Votre famille est-elle un soutien essentiel ? Pensez-vous que votre mandat de maire va changer votre vie avec votre femme et votre fille ?
L. L. : Je n’aurais jamais pu en arriver là sans l’amour et le soutien de ma femme, Amy, et de ma fille, Vivian. On s’écrit chaque jour pour s’assurer que chacune va bien, mais aussi pour veiller à ce que toutes les trois, en tant que famille, nous allons bien. On va se trouver des créneaux pour passer des moments seulement entre nous. Mais, oui, c’est sûr que notre vie a changé et on savait que cela allait se produire. Je vais faire attention à ce que les changements soient positifs. Ma fille a seulement 11 ans, je veux qu’elle grandisse et qu’elle vive une enfance normale. Nous ferons les mêmes choses que nous faisons depuis qu’elle est petite : elle ira en colonie de vacances, elle rangera sa chambre quand on lui demandera et je lui courrai toujours après quand elle n’aura pas fait ses devoirs… Nous ferons tout pour conserver notre intimité.

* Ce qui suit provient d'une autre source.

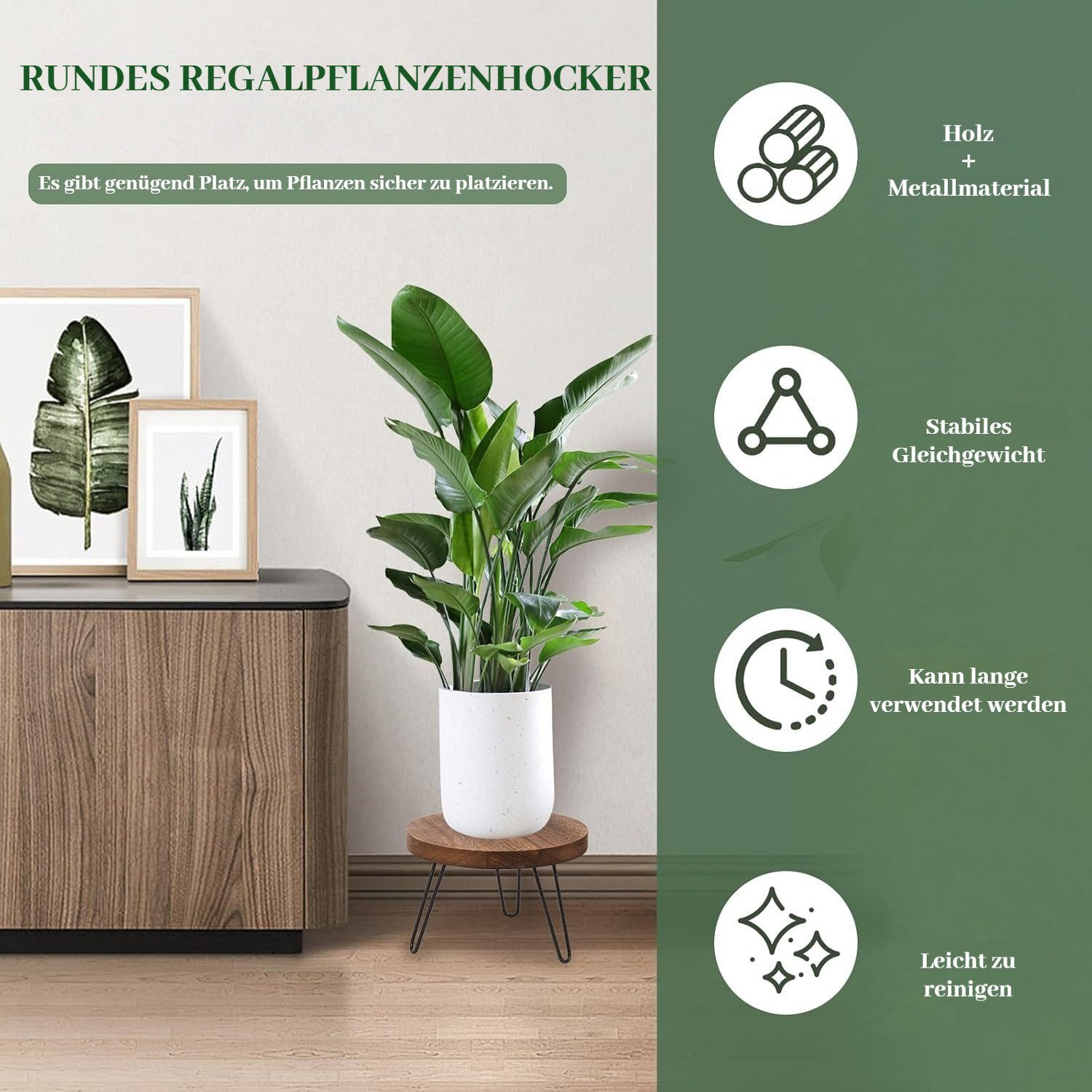 BlingBin Blumenhocker Pflanzenständer Holz, Blumenständer Rund Blumenhocker mit 3 Füßen (1 Stück, 1 St., 25,4 x 25,4 x 17,8 cm), für Verschiedene Topfgrößen Pflanzenregal Pflanzenhocker für Haus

Que vous ont appris vos parents ?
L. L. : Ma mère, Ann, et mon père, Elijah, ont travaillé très très dur et ils ont sacrifié beaucoup pour être sûr·es que mes frères, mes sœurs et moi-même puissions avoir des opportunités qu’eux n’ont jamais eues dans leur vie. Ils m’ont appris beaucoup sur l’importance de l’éducation et de la famille. Ce sont les valeurs fondamentales que j’ai portées avec moi toute ma vie.